## [PROMPT]
Please reproduce the entries below exactly, leaving the pictures out.

[Short text fragments from websites]
________

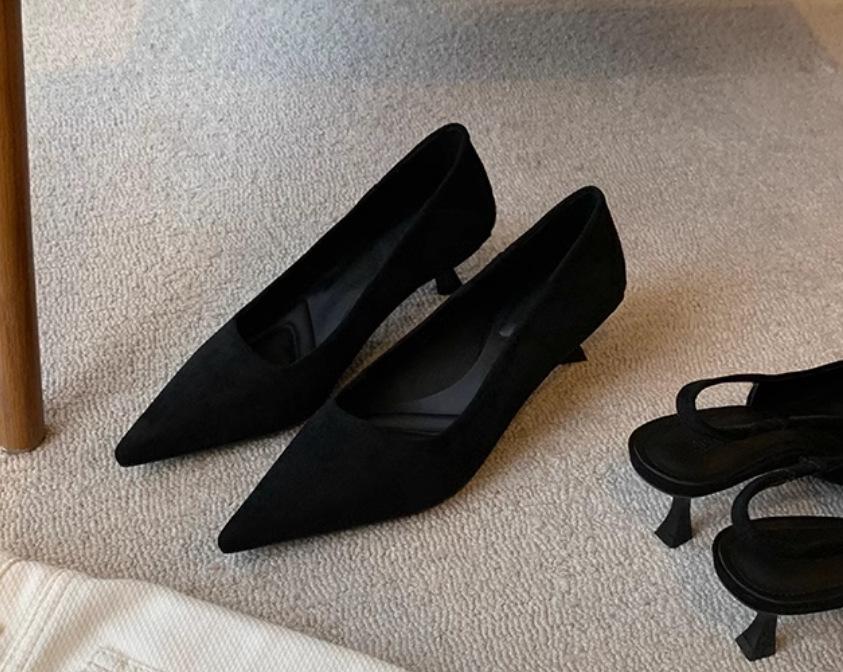 Deluna Daughter~ Temperament Small Pointed Head Shallow Mouth Empty Sandals Women's Thin Heel Leopard Cat and Single Shoe Women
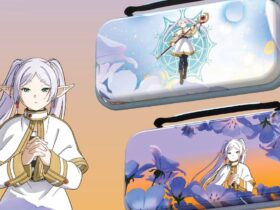 Image of a close-up of the Switch EVA cases featuring art from Frieren: Beyond Journey's End.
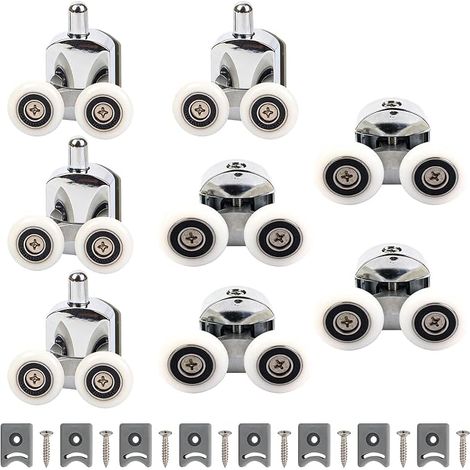 8 Duschkabinenrollen: 23 mm Doppelfederrollen aus verzinkter Aluminiumlegierung, robuste Schiebetürrollen für Duschkabinen, Rollen für Türen (1/5)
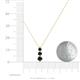4 - Kesha (3.4mm) Round Black Diamond Graduated Three Stone Drop Pendant 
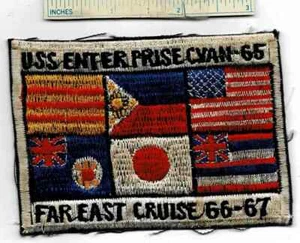 Vietnam War USS ENTERPRISE CVAN-65 Far East Cruise 1966 - 1967 Cloth Patch Nam - Picture 1 of 2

________

## [EXERCISE OUTPUT]
 Deluna Daughter~ Temperament Small Pointed Head Shallow Mouth Empty Sandals Women's Thin Heel Leopard Cat and Single Shoe Women
 Image of a close-up of the Switch EVA cases featuring art from Frieren: Beyond Journey's End.
 8 Duschkabinenrollen: 23 mm Doppelfederrollen aus verzinkter Aluminiumlegierung, robuste Schiebetürrollen für Duschkabinen, Rollen für Türen (1/5)
4 - Kesha (3.4mm) Round Black Diamond Graduated Three Stone Drop Pendant 
 Vietnam War USS ENTERPRISE CVAN-65 Far East Cruise 1966 - 1967 Cloth Patch Nam - Picture 1 of 2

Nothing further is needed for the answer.